Physical AI System Architecture
Purpose
This chapter presents the layered architecture of Physical AI systems, explaining how perception, planning, control, and hardware components integrate into cohesive autonomous platforms.
Architectural Overview
Physical AI systems follow a hierarchical architecture with distinct functional layers:
┌─────────────────────────────────────────────────┐
│ Application Layer (Task Logic) │
│ (Pick object, Navigate to goal) │
└────────────────────┬────────────────────────────┘
↓
┌─────────────────────────────────────────────────┐
│ Deliberative Layer (High-Level Planning) │
│ (Path planning, Task planning, Learning) │
└────────────────────┬────────────────────────────┘
↓
┌─────────────────────────────────────────────────┐
│ Executive Layer (Coordination & Monitoring) │
│ (Behavior arbitration, Resource mgmt) │
└────────────────────┬────────────────────────────┘
↓
┌─────────────────────────────────────────────────┐
│ Reactive Layer (Low-Level Control) │
│ (Motor control, Reflexes, Safety checks) │
└────────────────────┬────────────────────────────┘
↓
┌─────────────────────────────────────────────────┐
│ Hardware Layer (Sensors & Actuators) │
│ (Motors, Cameras, LiDAR, Encoders) │
└─────────────────────────────────────────────────┘
This architecture separates concerns by time scale and abstraction level.
Functional Layers
1. Hardware Layer
Function: Interface between digital computation and physical world.
Components:
- Sensors: Convert physical phenomena → digital signals
- Actuators: Convert digital commands → physical motion
- Power: Batteries, voltage regulators, power distribution
- Compute: Embedded controllers, GPUs, CPUs
Characteristics:
- Time Scale: Microseconds to milliseconds
- Update Rate: 1-100 kHz (motor control)
- Determinism: Hard real-time requirements
Example: Motor driver receives torque command (digital), drives current through motor coils (analog), produces joint motion (mechanical).

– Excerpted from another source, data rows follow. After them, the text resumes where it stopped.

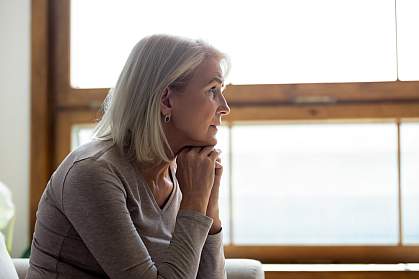 Side view of thoughtful middle-aged mature woman sitting on a couch at home in front of a window. Side view of thoughtful middle-aged mature woman sitting on a couch at home in front of a window.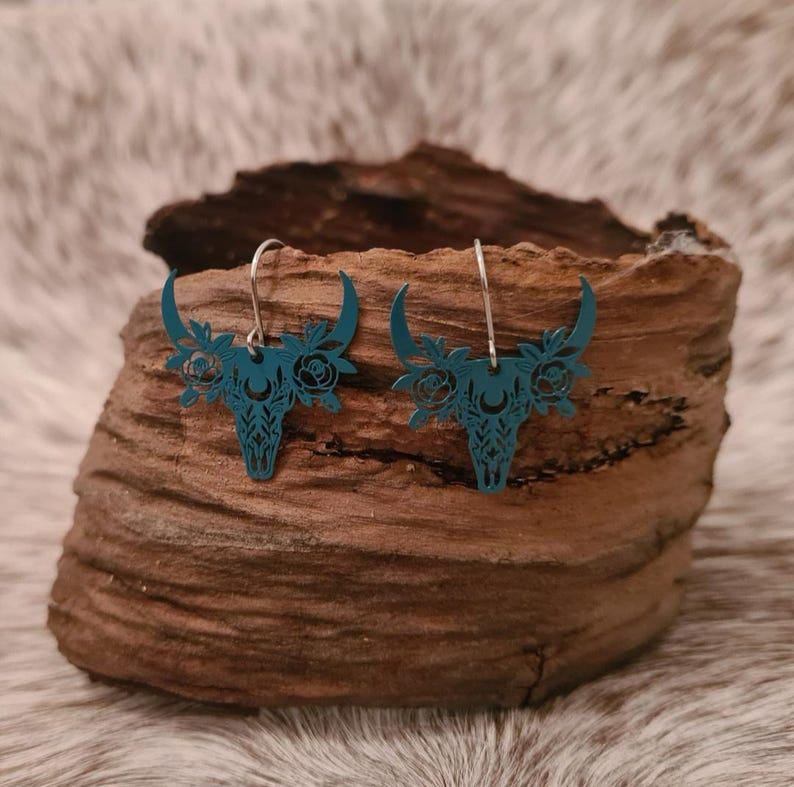 Little Miss floral filigree steer skull earrings.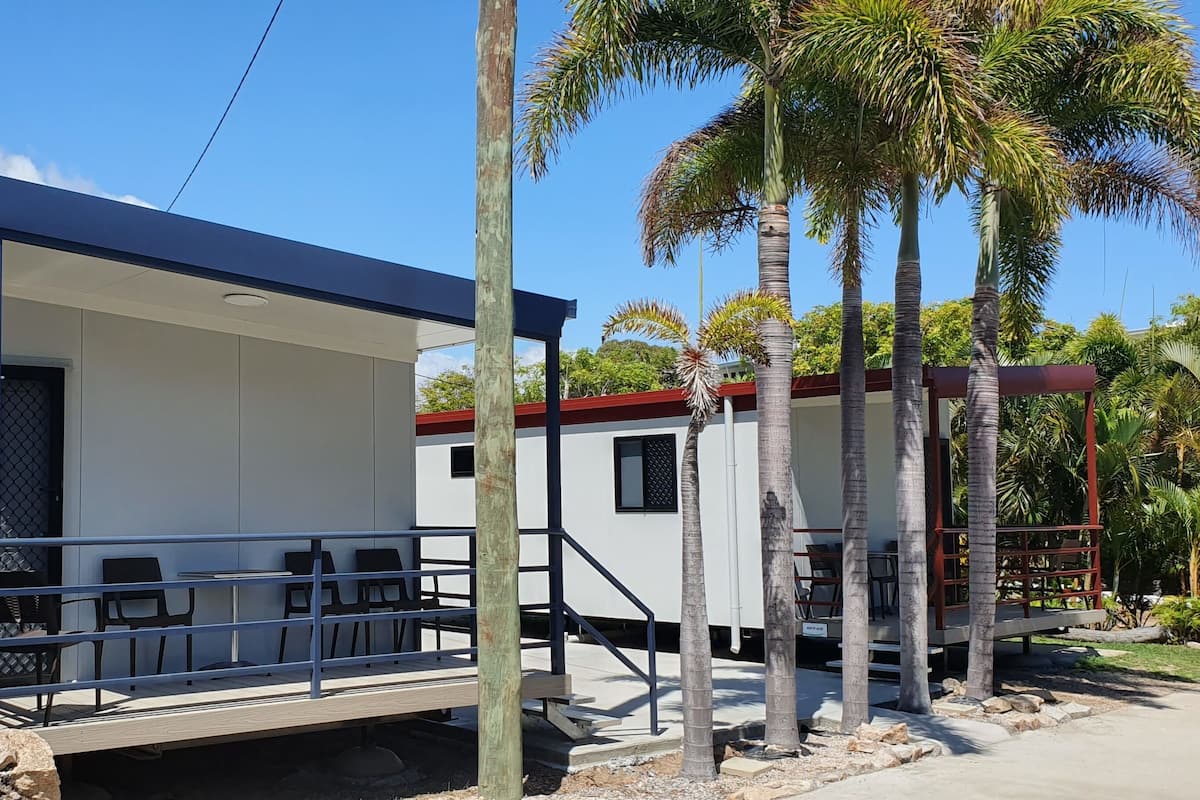 A modern, two-story building with a flat roof and a covered outdoor seating area.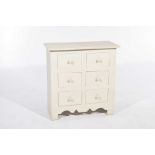 A rustic painted hardwood chest With an arrangement of six deep drawers each with knob handles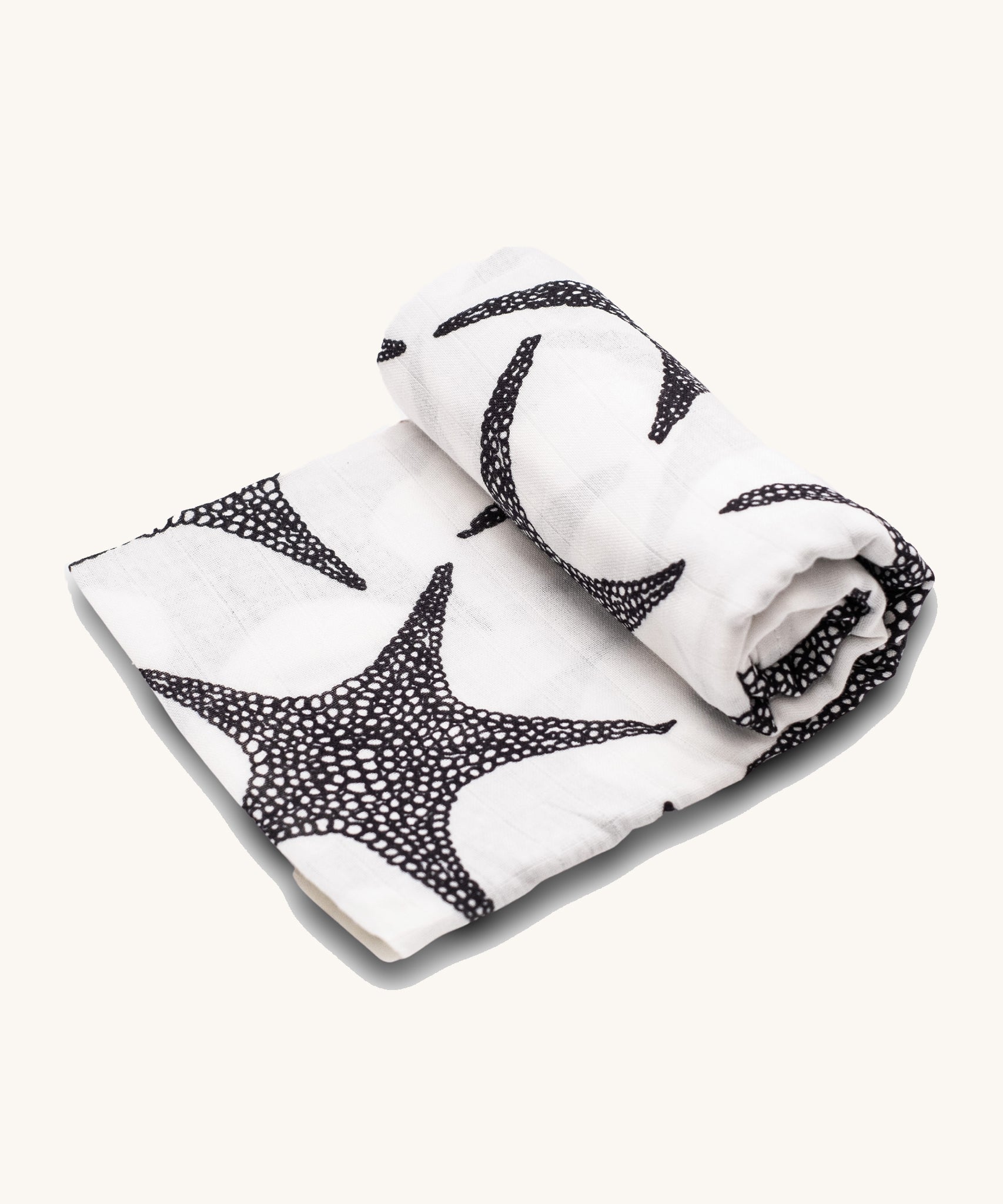 Etta Loves XL Organic Muslin Square. White fabric muslin cloth with black starfish on a cream background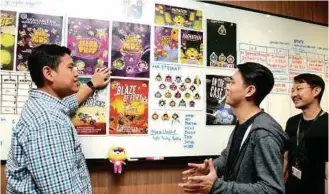  ??  ?? TOP: Hasnul checking the progress of startups at the Level Up Inc, a communityc­entric co-working space set up by MDEC for game developers.LEFT: Hasnul (centre) with one of the winners of IPCC 2018 grant, Spaceboy Studios.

2. Reactive Layer (Control)
Function: Real-time closed-loop control for stability and safety.
Components:
- Motor Controllers: PID, torque control, velocity control
- Balance Controllers: Stabilization for bipedal/aerial robots
- Reflex Behaviors: Emergency stops, collision avoidance
- Sensor Processing: Filtering, calibration, low-level fusion
Characteristics:
- Time Scale: 1-10 milliseconds
- Update Rate: 100-1000 Hz
- Paradigm: Reactive (stimulus → response)
Example: Humanoid detects loss of balance (IMU) → immediately adjusts ankle torque to prevent fall (no planning involved).
Algorithms:
- PID control for joint position/velocity
- Impedance control for compliant interaction
- Admittance control for force tracking
- Virtual model control for balance
3. Executive Layer (Coordination)
Function: Coordinate multiple behaviors, manage resources, monitor execution.
Components:
- Behavior Arbitration: Select which behavior to execute (priority-based, auction-based)
- Resource Allocation: Assign sensors/actuators to tasks
- State Machine: Manage transitions between modes (idle → walking → grasping)
- Health Monitoring: Detect faults, trigger recovery
Characteristics:
- Time Scale: 10-100 milliseconds
- Update Rate: 10-100 Hz
- Paradigm: Hybrid (reactive + deliberative)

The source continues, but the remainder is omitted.